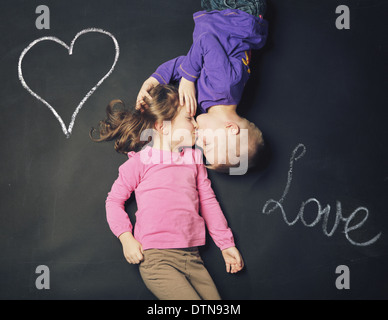 Smiling children on a blackboard background Stock Photo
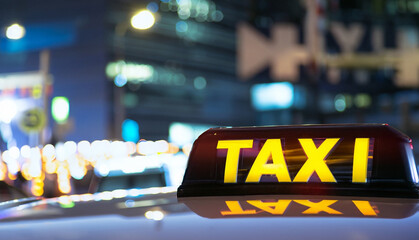 Taxi sign close-up shot on night city background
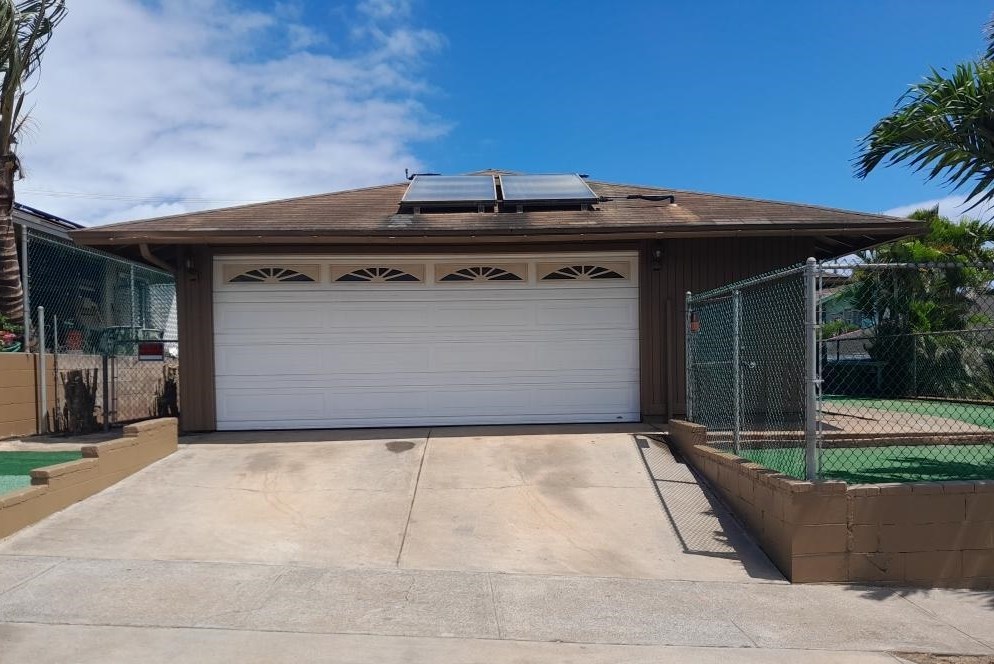 a front view of a house with yard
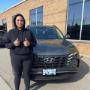 A happy Roam Monthly Car Subscriptions & Rentals customer in front of her new Hyundai A happy Roam Monthly Car Subscriptions & Rentals customer in front of her new Hyundai
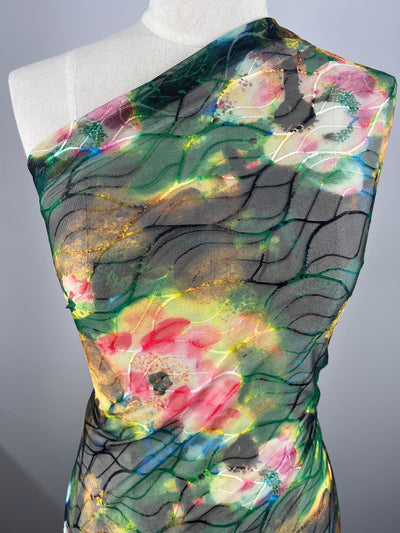 A mannequin draped with a vibrant fabric featuring a colorful floral pattern reminiscent of fancy dresses. The Designer Mesh - Neon Flora - 150cm from Super Cheap Fabrics has shades of green, pink, yellow, and black wavy lines, creating an abstract design. The background is a neutral gray color, highlighting the fabric's intricate details.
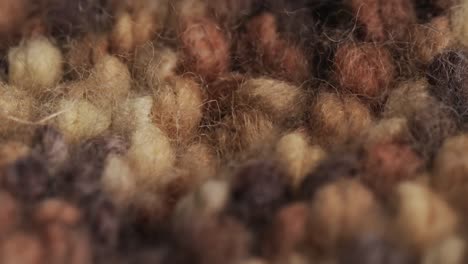 micro video of close up of brown wooly crochet fabric with copy space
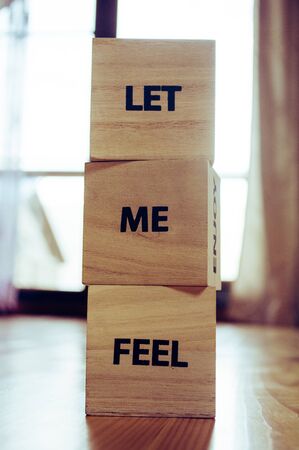 Wooden cubes with the words LET ME FEEL close upの写真素材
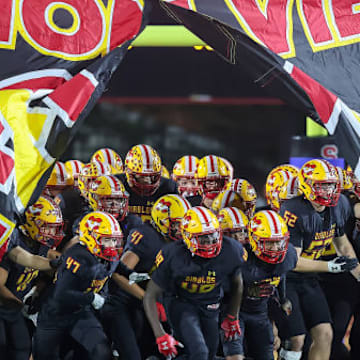 Mission Viejo football team bursts through a banner before kickoff.
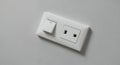 Close Up of White Light Switch and Electrical Socket on Textured Wall for Home Renovation Electrical Work and Interior Royalty Free Stock Photo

——————

Since the pictures are not part of the copy, please transcribe only the lines above from the one with "new Hyundai A" through the one with "micro video of", exactly and with both ends.

> Answer box
 A happy Roam Monthly Car Subscriptions & Rentals customer in front of her new Hyundai A happy Roam Monthly Car Subscriptions & Rentals customer in front of her new Hyundai
 A mannequin draped with a vibrant fabric featuring a colorful floral pattern reminiscent of fancy dresses. The Designer Mesh - Neon Flora - 150cm from Super Cheap Fabrics has shades of green, pink, yellow, and black wavy lines, creating an abstract design. The background is a neutral gray color, highlighting the fabric's intricate details.
 micro video of close up of brown wooly crochet fabric with copy space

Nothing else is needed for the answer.